Four of the animals were meat-eating hunters. These were the saber-tooth cat, the North American lion, the dire wolf and the coyote. All these animals, except the dog-like coyote, have disappeared from the Earth.
FAITH LAPIDUS: Researchers say ninety percent of the fossils found are those of meat-eating animals. They say this is a surprise because there have always been more plant-eaters in the world. The researchers say each plant-eater that became trapped caused many meat-eaters to come to the place to feed. They, too, became trapped.
Rancho La Brea has also been a trap for many different kinds of insects. Scientists free these dead insects by washing the asphalt away with special chemicals. The La Brea insects give scientists a close look at the history of insects in southern California.
The La Brea Tar Pits have also provided science with interesting information about the plants that grew in the area. For many thousands of years, plant seeds landed in the sticky asphalt. The seeds have been saved for research. Scientists also have found pollen from many different kinds of plants.
The seeds and pollen, or the lack of them, can show severe weather changes over thousands of years. Scientists say these provide information that has helped them understand the history of the environment. The seeds and pollen have left a forty-thousand-year record of the environment and weather for this area of California.
BOB DOUGHTY: Digging at Pit Ninety-One was recently suspended in order to pay closer to attention to a new discovery called Project Twenty-Three. In two thousand six a nearby art museum began an underground building project.
La Brea scientists had a chance to investigate an area that otherwise would have been impossible to study. This area turned out to be very rich in fossils. So, twenty-three huge containers of tar, clay and mud were removed from the area for research. This is why the project is now known as Project Twenty-Three.
Scientists have fully examined only several boxes of earth and tar. It will take years to complete all of the containers. But scientists have so far counted over seven hundred parts from different organisms. One huge discovery was the nearly complete skeleton of a male mammoth. Researchers have named the mammoth Zed. This is the largest mammoth ever found in the area.
Rancho La Brea scientists publish an Internet blog that documents this exciting project. It describes in detail the huge amount of work involved in carefully examining the many layers of tar and earth. For example, you can learn about the degreasing machine. Researchers place a big block of tar into the machine. It removes the oily material, leaving behind hundreds of fossils.
FAITH LAPIDUS: Each year, thousands of visitors come to see the fossils at Rancho La Brea. They visit the George C. Page Museum. Mister Page was a wealthy man who became very interested in the scientific work being done at the tar pits. He gave the money to build the museum and research center.

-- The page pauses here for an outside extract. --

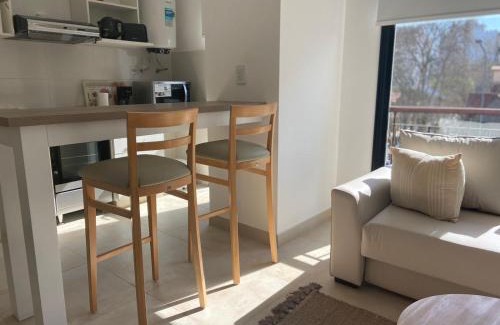 Zona de La Perla Apartamento | A Departamento monoambiente a pasos del mar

Visitors to the museum can see the “fish bowl,” a laboratory surrounded by glass. Here, they can watch scientists do their research. Visitors can watch the scientists clean, examine, repair and identify fossils that are still being discovered. Through this process, scientists are able to answer questions and solve puzzles about animals and their environment from thousands of years ago. The objects found in Project Twenty-three could double the size of the research center’s collection.
It is exciting to stand only a few meters away and watch scientists clean the asphalt off a fossil that is thousands of years old. Visitors quickly learn why researchers consider Rancho La Brea a very special place.